:: AVAILABLE DATA ::
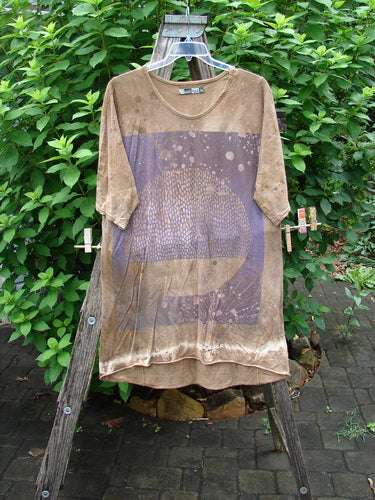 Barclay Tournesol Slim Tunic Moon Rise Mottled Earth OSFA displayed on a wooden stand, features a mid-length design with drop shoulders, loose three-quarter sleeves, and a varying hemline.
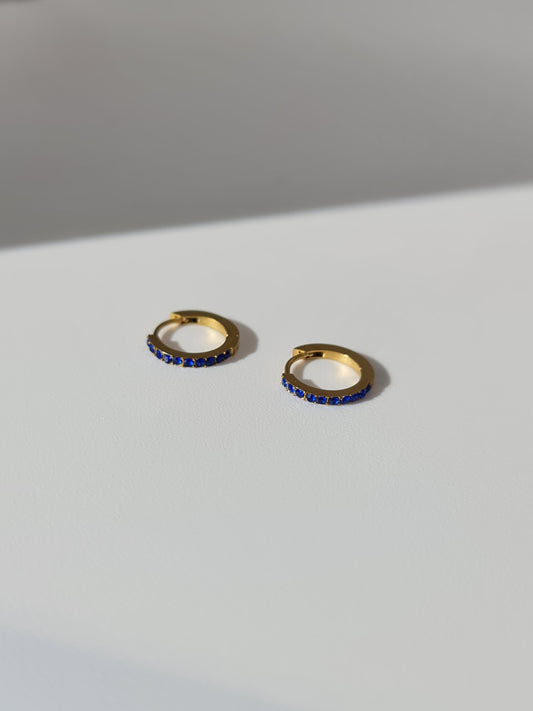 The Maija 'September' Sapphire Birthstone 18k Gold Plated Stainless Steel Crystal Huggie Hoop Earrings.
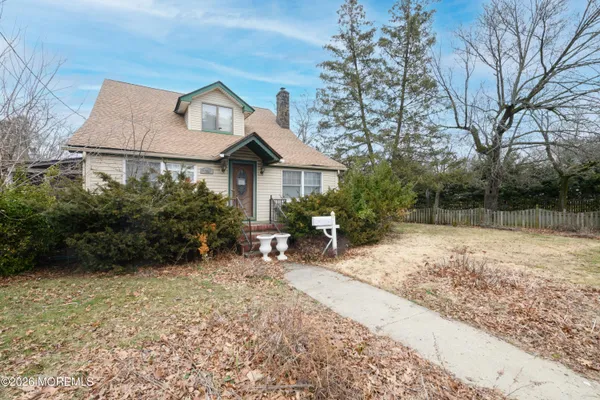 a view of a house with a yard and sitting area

:: PROMPT ::
Give every line of the data above again as it stands; the pictures stay out.

:: SOLUTION TO THIS TASK ::
 Barclay Tournesol Slim Tunic Moon Rise Mottled Earth OSFA displayed on a wooden stand, features a mid-length design with drop shoulders, loose three-quarter sleeves, and a varying hemline.
 The Maija 'September' Sapphire Birthstone 18k Gold Plated Stainless Steel Crystal Huggie Hoop Earrings.
 a view of a house with a yard and sitting area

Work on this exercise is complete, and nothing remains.